Print out the data precisely as it appears here, with no pictures.

* Exercise data *
+--
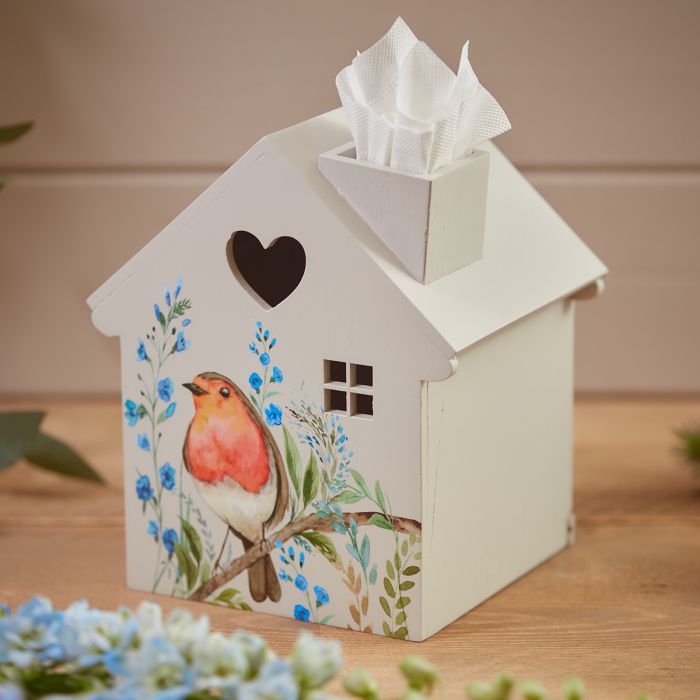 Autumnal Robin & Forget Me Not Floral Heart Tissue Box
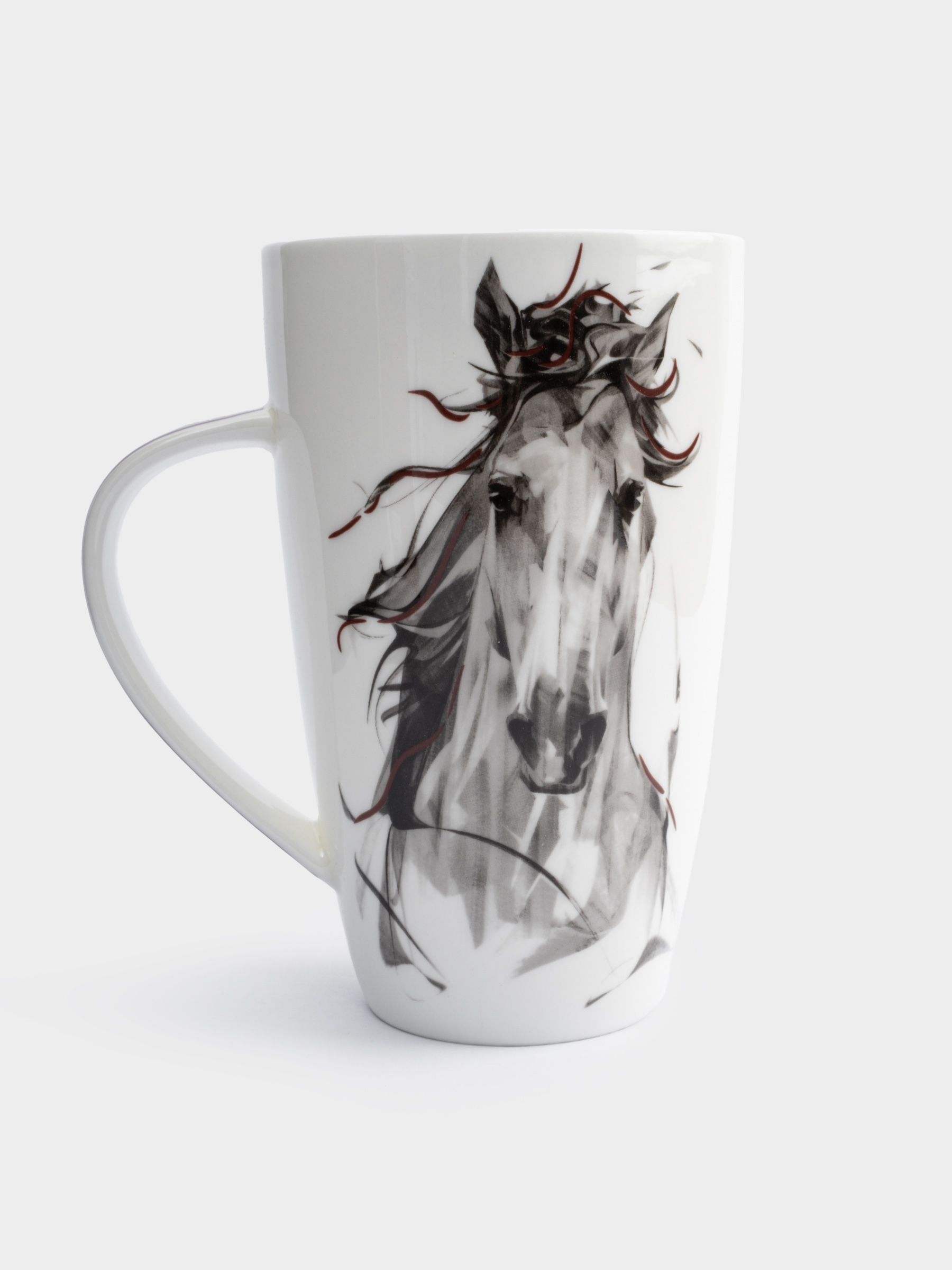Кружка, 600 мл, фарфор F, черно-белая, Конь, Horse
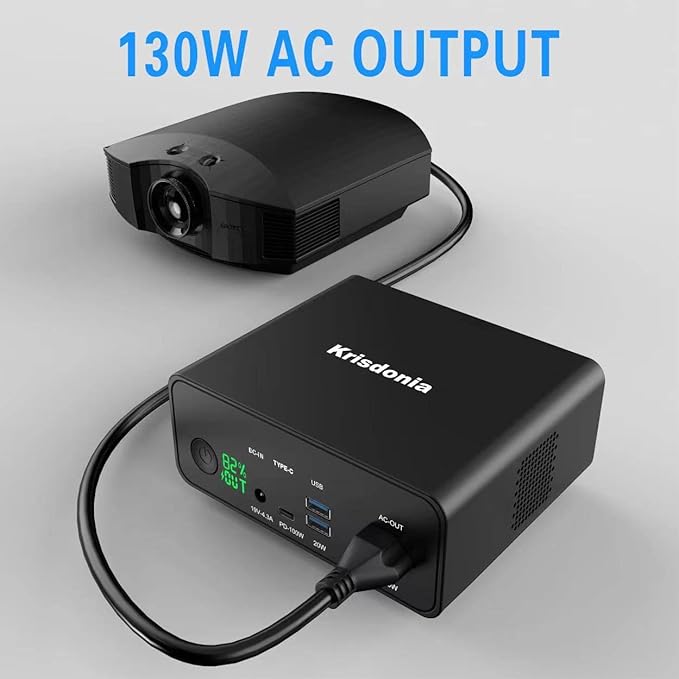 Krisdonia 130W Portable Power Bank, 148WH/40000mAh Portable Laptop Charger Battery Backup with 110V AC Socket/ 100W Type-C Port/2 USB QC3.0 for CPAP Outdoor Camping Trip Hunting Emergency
+--
* Your response *
 Autumnal Robin & Forget Me Not Floral Heart Tissue Box
Кружка, 600 мл, фарфор F, черно-белая, Конь, Horse
 Krisdonia 130W Portable Power Bank, 148WH/40000mAh Portable Laptop Charger Battery Backup with 110V AC Socket/ 100W Type-C Port/2 USB QC3.0 for CPAP Outdoor Camping Trip Hunting Emergency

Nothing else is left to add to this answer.